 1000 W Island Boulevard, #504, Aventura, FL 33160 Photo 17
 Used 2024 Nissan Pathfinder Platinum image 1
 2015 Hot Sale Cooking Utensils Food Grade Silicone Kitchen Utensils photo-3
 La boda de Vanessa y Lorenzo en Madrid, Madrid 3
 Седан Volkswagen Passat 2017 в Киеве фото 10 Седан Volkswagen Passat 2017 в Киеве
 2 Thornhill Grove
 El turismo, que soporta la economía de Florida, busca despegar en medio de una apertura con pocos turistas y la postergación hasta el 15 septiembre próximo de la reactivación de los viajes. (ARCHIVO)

________________

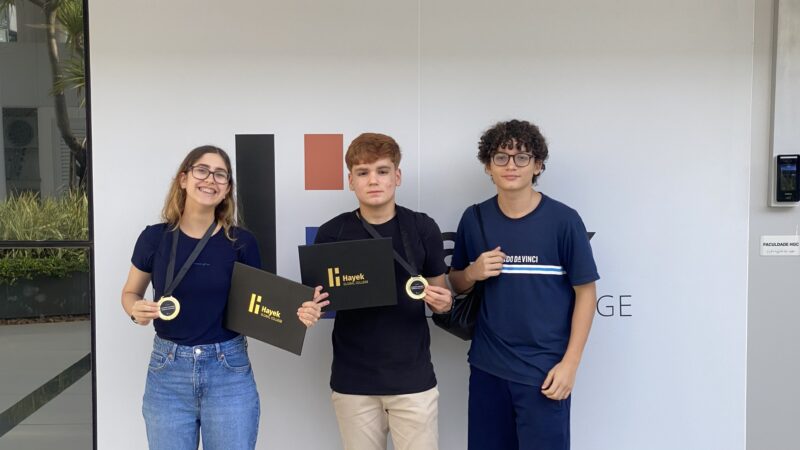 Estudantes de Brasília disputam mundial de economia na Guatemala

________________

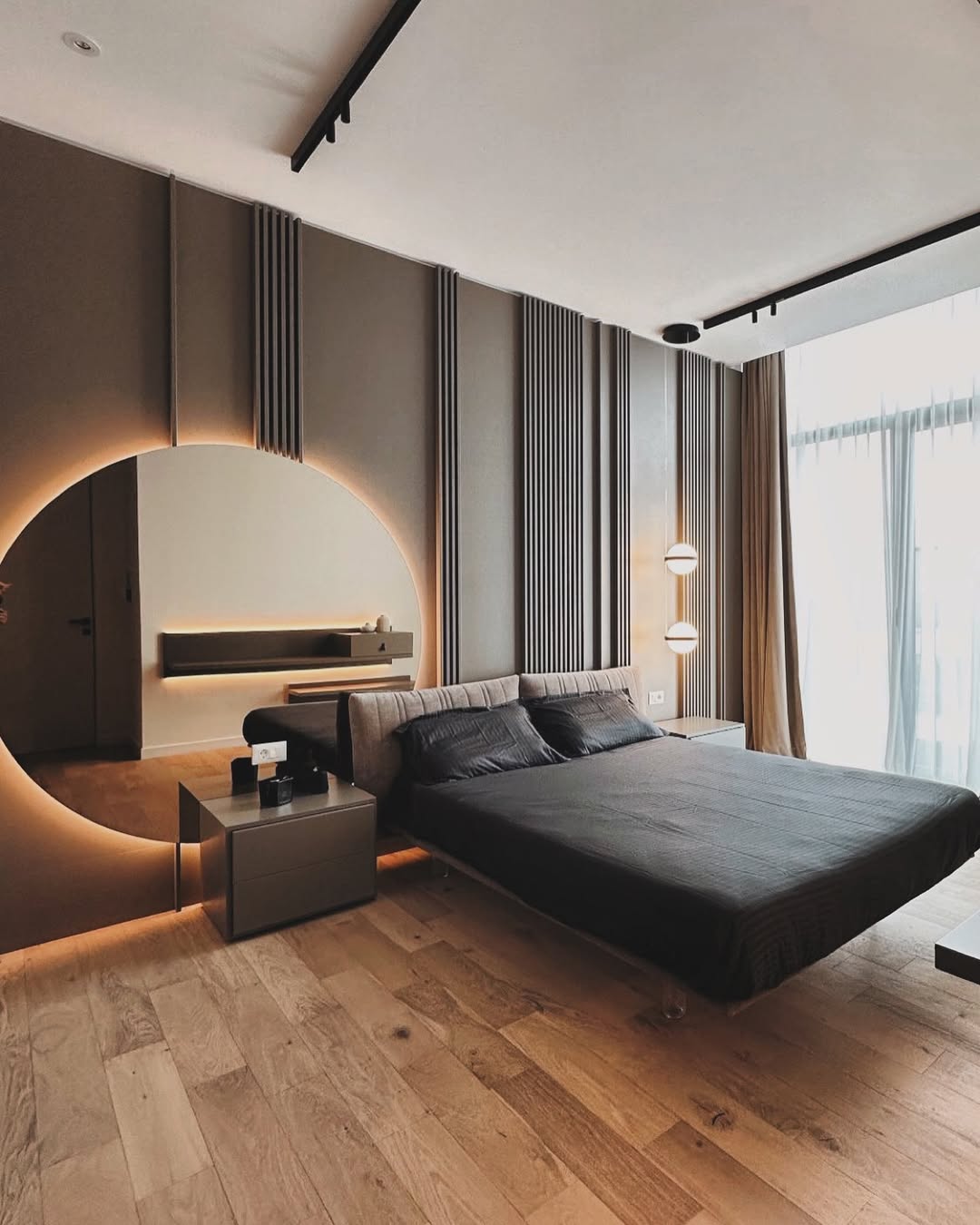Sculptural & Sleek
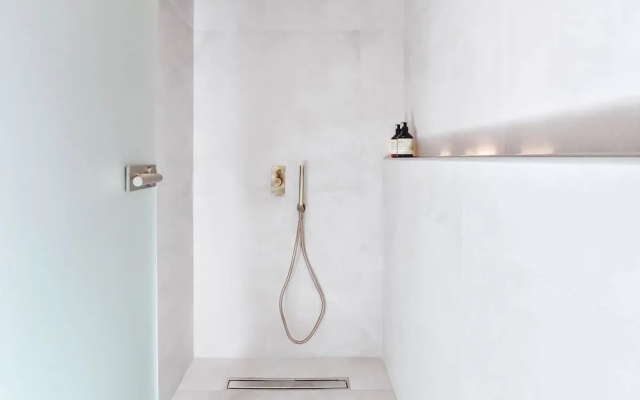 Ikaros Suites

________________

→ Problem to work on
Copy only this part of the entries above: the line with "Used 2024 Nissan Pathfinder Platinum image 1", the line with "2 Thornhill Grove", and the lines between, all exactly as written.

→ Written response
 Used 2024 Nissan Pathfinder Platinum image 1
 2015 Hot Sale Cooking Utensils Food Grade Silicone Kitchen Utensils photo-3
 La boda de Vanessa y Lorenzo en Madrid, Madrid 3
 Седан Volkswagen Passat 2017 в Киеве фото 10 Седан Volkswagen Passat 2017 в Киеве
 2 Thornhill Grove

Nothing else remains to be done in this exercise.